Weapons & Warriors: The Cestus of the Romans

The Cestus is a deadly hand held melee weapon that was born from an ancient sport known as Boxing but was most popular in the Roman Coliseum. Boxing wasn’t invented by the Americans, British, Italians, or Irish, despite its popularity in those nations. It didn’t originate from Mexico or Russia either. In fact none of these countries existed when evidence of boxing was discovered from over 3,000 years ago in the Mesopotamia region.

The Cestus (Art by TL Jeffcoat)
Since this isn’t a history lesson on boxing, let’s get back to the Cestus. The Cestus is what the Greeks called the leather straps around their hands. When the Greeks first designed the Cestus, it was just leather. It was meant to soften the contact between an opponent’s face and the knuckles. This made boxing more of a sport than actual combat.

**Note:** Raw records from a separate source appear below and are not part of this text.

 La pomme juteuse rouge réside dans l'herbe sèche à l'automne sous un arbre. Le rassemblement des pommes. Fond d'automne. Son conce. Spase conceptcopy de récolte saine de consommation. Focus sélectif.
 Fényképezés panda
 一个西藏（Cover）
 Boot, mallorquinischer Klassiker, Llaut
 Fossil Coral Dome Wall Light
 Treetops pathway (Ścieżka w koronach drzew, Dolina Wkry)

The Roman’s snatched the concept and went the complete opposite direction from safety. They fitted the leather straps with iron bands to make it easier to open someone’s skull or shatter ribs. It was easy to master which made it ideal for gladiators. You just punched like you would if you were boxing. This loop of iron strapped to the knuckles was eventually banned from the arena by 393 AD because a Cestus in hand to hand fighting was too bloody. Knowing what went on in the Coliseum, brawls with the Cestus must have been so bloody even the Godfather of Gore, Herschell Gordon Lewis, would be disgusted.

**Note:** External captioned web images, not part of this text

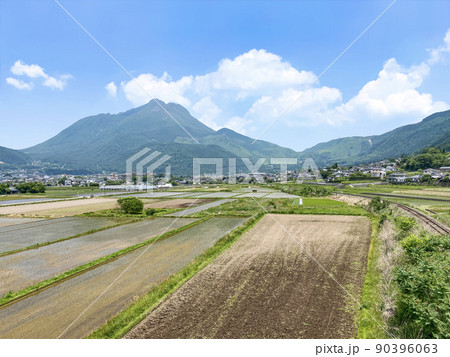 春の湯布院盆地と由布岳 90396063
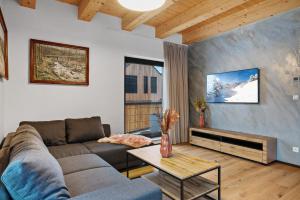 TV a/nebo společenská místnost v ubytování Apartmány Čistá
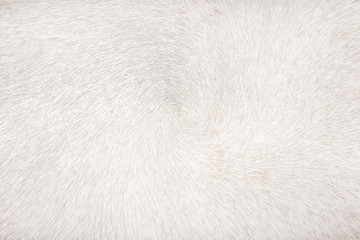 White or gray cow fur short smooth seamless patterns abstract texture for line animal background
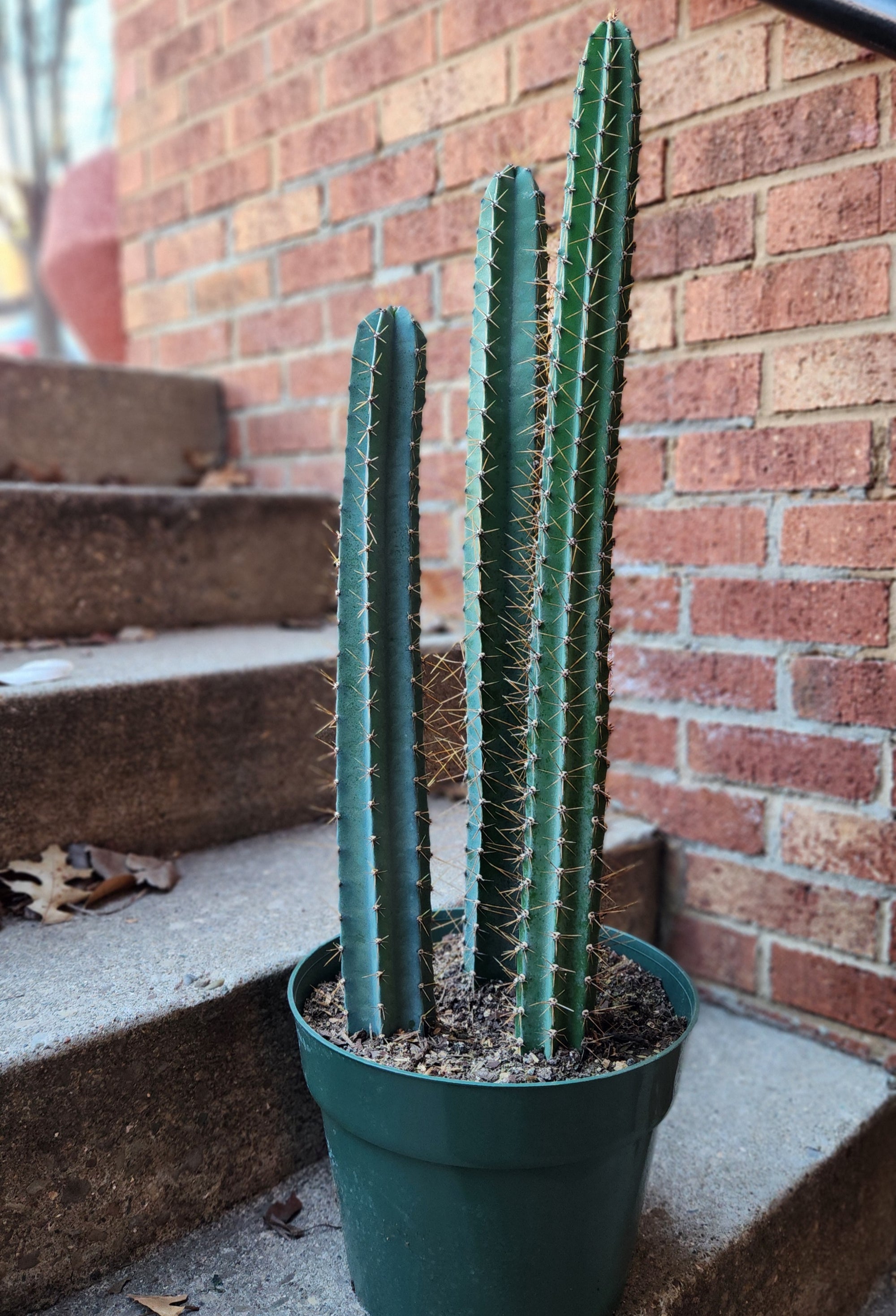 10" Polaskia Chichipe Cactus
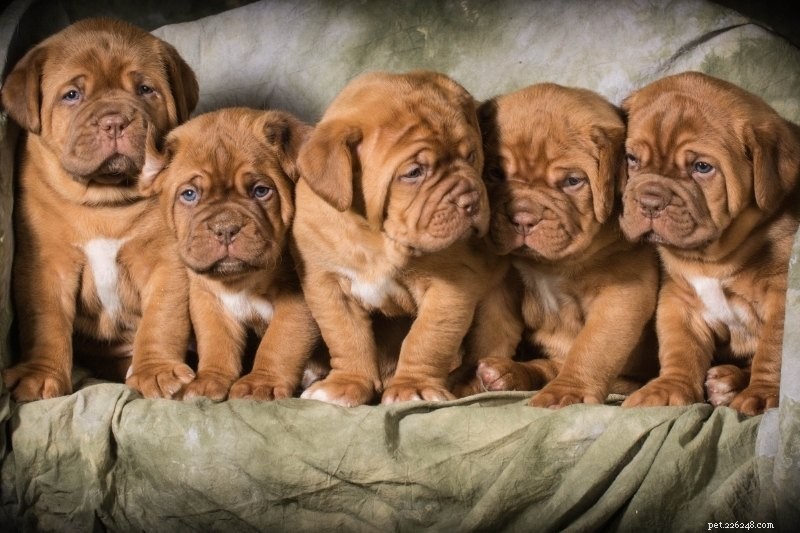 Choosing the Perfect Puppy from a Litter: A Step‑by‑Step Guide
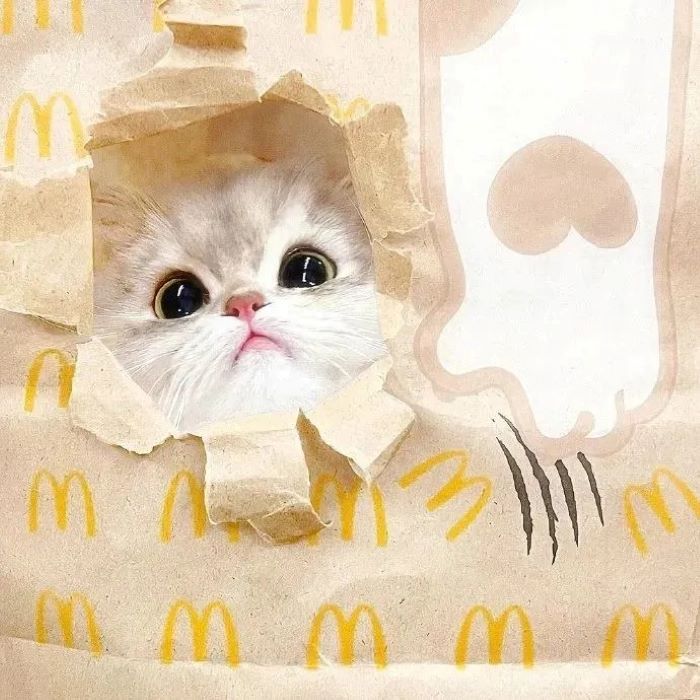 Ảnh con mèo cute trong túi 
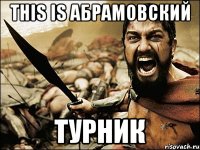 this is абрамовский турник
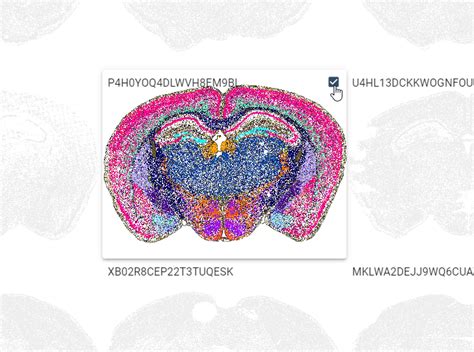 Abc Atlas User Guide Allen Brain Cell Abc Atlas Allen Brain Map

There isn’t much more to the Cestus than this, it was pretty straight forward. It was light enough to conceal and heavy enough to make brass knuckles feel like you were slapped by a foam finger in comparison. There was a story about a Greek boxer killing a full grown bull with a Cestus. The story claimed he only hit it once. At first you might say, “No way.” But remember the Greeks obsession with the perfect body. These men were supreme athletes and a Cestus in the hands of possibly one of the strongest men alive could probably crush any skull, no matter how thick.

To further reinforce the possibility of such astounding power, guys like Mike Tyson and Brock Lesnar have been measured to strike heavy bags with bare fists at around 1,000 pounds of pressure. That alone would fracture a normal human skull with one strike. These men are obviously subjects of a more advanced physical training and nutrition plan, but the Greeks weren’t that far behind other than not have fancy equipment and supplements. They exercised and trained every day. That was their job as boxers.

Nowadays the modern boxer uses a heavily padded glove. Which is great, because if guys like Mike Tyson had worn the Cestus, he wouldn’t have a crazy KO record, he’d have a body count with fights lasting half the time, if that was even possible.